ECLI:NL:CBB:2003:AH9677
College van Beroep voor het bedrijfsleven
- Eerste en enige aanleg
- D. Roemers
- Rechtspraak.nl
Afwijzing aanvraag aanwezigheidsvergunning voor kansspelautomaten door de burgemeester van Den Haag
In deze zaak heeft het College van Beroep voor het bedrijfsleven op 20 juni 2003 uitspraak gedaan over een verzoek om voorlopige voorziening van verzoeker, die een aanwezigheidsvergunning voor twee kansspelautomaten had aangevraagd. De burgemeester van Den Haag had deze aanvraag op 6 februari 2003 afgewezen, omdat de inrichting van verzoeker, Petit Restaurant Asta, als een laagdrempelige inrichting werd aangemerkt. Verzoeker maakte bezwaar tegen deze afwijzing en vroeg om een voorlopige voorziening, zodat hij de kansspelautomaten kon plaatsen totdat er een definitieve beslissing in de hoofdzaak was genomen.
De voorzieningenrechter overwoog dat het financiële belang van verzoeker, dat hij stelde te hebben door het gemis van de kansspelautomaten, op zichzelf geen reden was om een voorlopige voorziening te treffen. Er moest worden aangetoond dat het financiële belang zo zwaarwegend was dat de continuïteit van de onderneming in gevaar kwam. Verzoeker had echter niet voldoende bewijs geleverd voor zijn stelling dat het verlies aan inkomsten significant was. De voorzieningenrechter concludeerde dat verzoeker niet had aangetoond dat er sprake was van een zwaarwegend financieel belang dat een voorlopige voorziening rechtvaardigde.

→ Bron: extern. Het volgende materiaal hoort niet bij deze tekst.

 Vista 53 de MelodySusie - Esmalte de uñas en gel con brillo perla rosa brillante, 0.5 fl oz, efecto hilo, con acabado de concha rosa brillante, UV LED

Daarnaast werd opgemerkt dat de burgemeester de bevoegdheid had om de motivering van zijn besluit aan te passen en dat een eventueel gebrek in de motivering van het bestreden besluit niet automatisch leidde tot het treffen van een voorlopige voorziening. De voorzieningenrechter vond geen aanleiding om te twijfelen aan de houdbaarheid van de afwijzing van de aanvraag in de bodemprocedure. Het verzoek om voorlopige voorziening werd dan ook afgewezen, zonder dat er aanleiding was voor een proceskostenveroordeling.